It's high time for reforms – but where?

Thursday, April 19, 2018
Chris Woodward (

USPS logo (US Postal Service)A task force created to study problems at the U.S. Postal Service will have its hands full, but one expert says there are solutions.

Saying the USPS is on "an unsustainable financial path," President Trump recently created the task force by executive order. The task force will study several factors, including USPS's pricing in the package delivery market, and will have 120 days to submit a report with recommendations.

Rick Geddes, professor of policy analysis and management at Cornell University and visiting scholar at American Enterprise Institute (AEI), says there is a need for this task force.

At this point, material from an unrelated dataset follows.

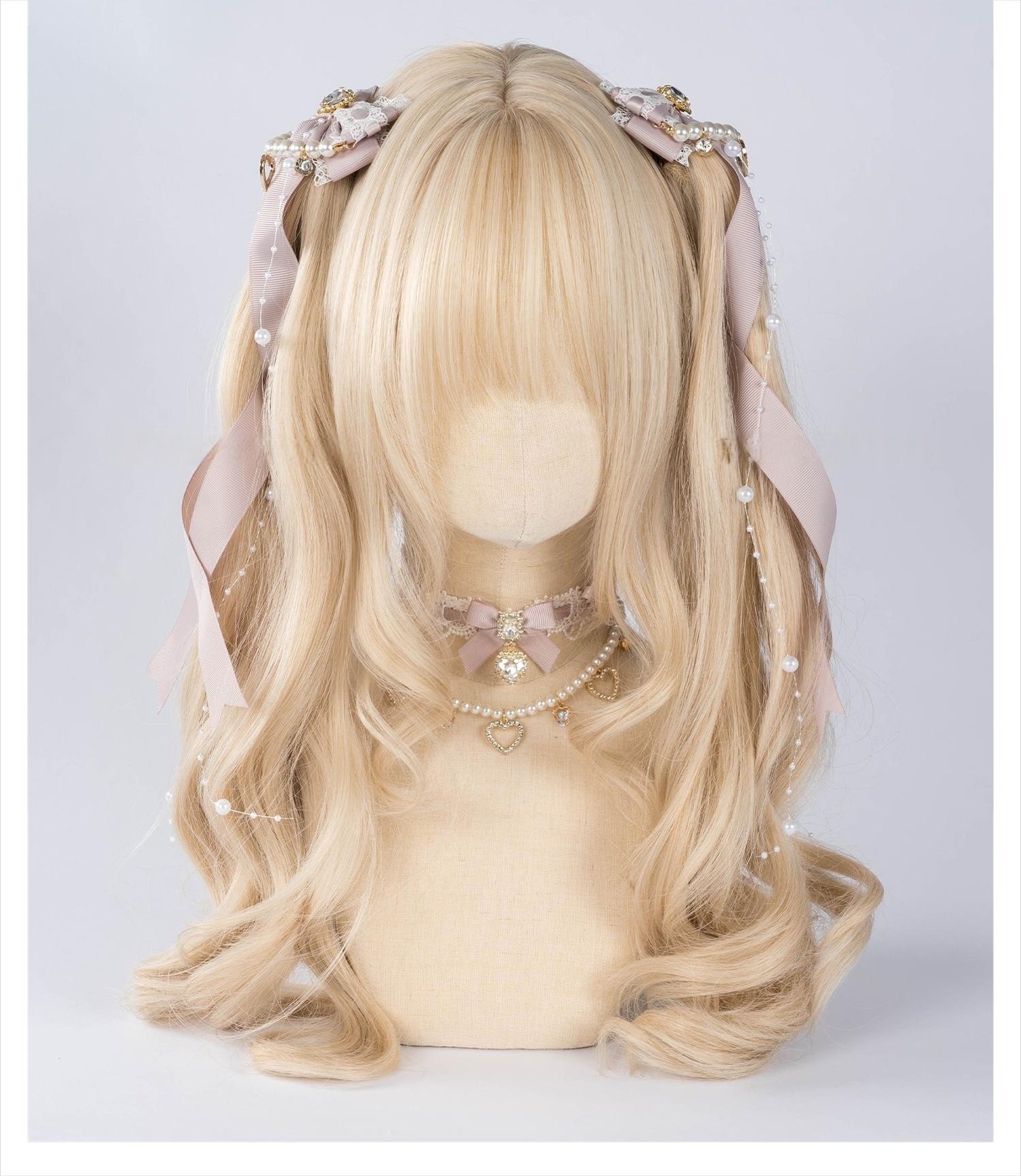 Jirai Kei light pink ribbon bow hair clips with pearl chain trim and rhinestone embellishment paired with matching light pink bow choker on mannequin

"The core mission of the Postal Service is declining," he begins, "and the core mission of the Postal Service is to deliver printed matter – most importantly what's called first-class mail, cards and letters; and secondarily, advertising matter called standard mail, which a lot of people call junk mail."


The volume of first-class mail has been declining for years because of the increase in electronic communications, such as email and text messages. "So the question would be What can we do in terms of reform of the Postal Service? – and one example would be to redefine the Universal Service Obligation in light of changed mail demand," Geddes continues.

The Universal Service Obligation is defined as delivery to essentially all addresses in the country six days a week, including Saturdays.

Geddes suggests that "instead of six days per week, tell the Postal Service [that] Congress defines the USO as delivery three days a week; in addition to giving USPS a direct subsidy to cover the cost of meeting the USO so as to make things transparent and people can then better assess whether it's worth it."

Meanwhile, Geddes recommends structural changes to the Postal Service.

"I'm not talking about privatization here, but, say, corporatizing," he explains. "At the same time, I would recommend that we commercialize the Postal Service, [that we] deregulate it and be more entrepreneurial in offering new products and setting service standards in its pricing, etcetera, basically freeing up the Postal Service commercially."

In terms of Amazon, which President Trump believes is costing USPS money, Geddes says it's hard to tell.

"The Postal Service makes sort of inside deals with large mailers, like Amazon or large customers, and the details of those agreements are secret and it's not even subject to FOIA requests," he explains. "So we don't know what the deal is that the Postal Service has made with Amazon. But we do know that the Postal Regulatory Commission has looked at that deal and said it's okay and consistent with law – but it's hard for outsiders like me to assess that."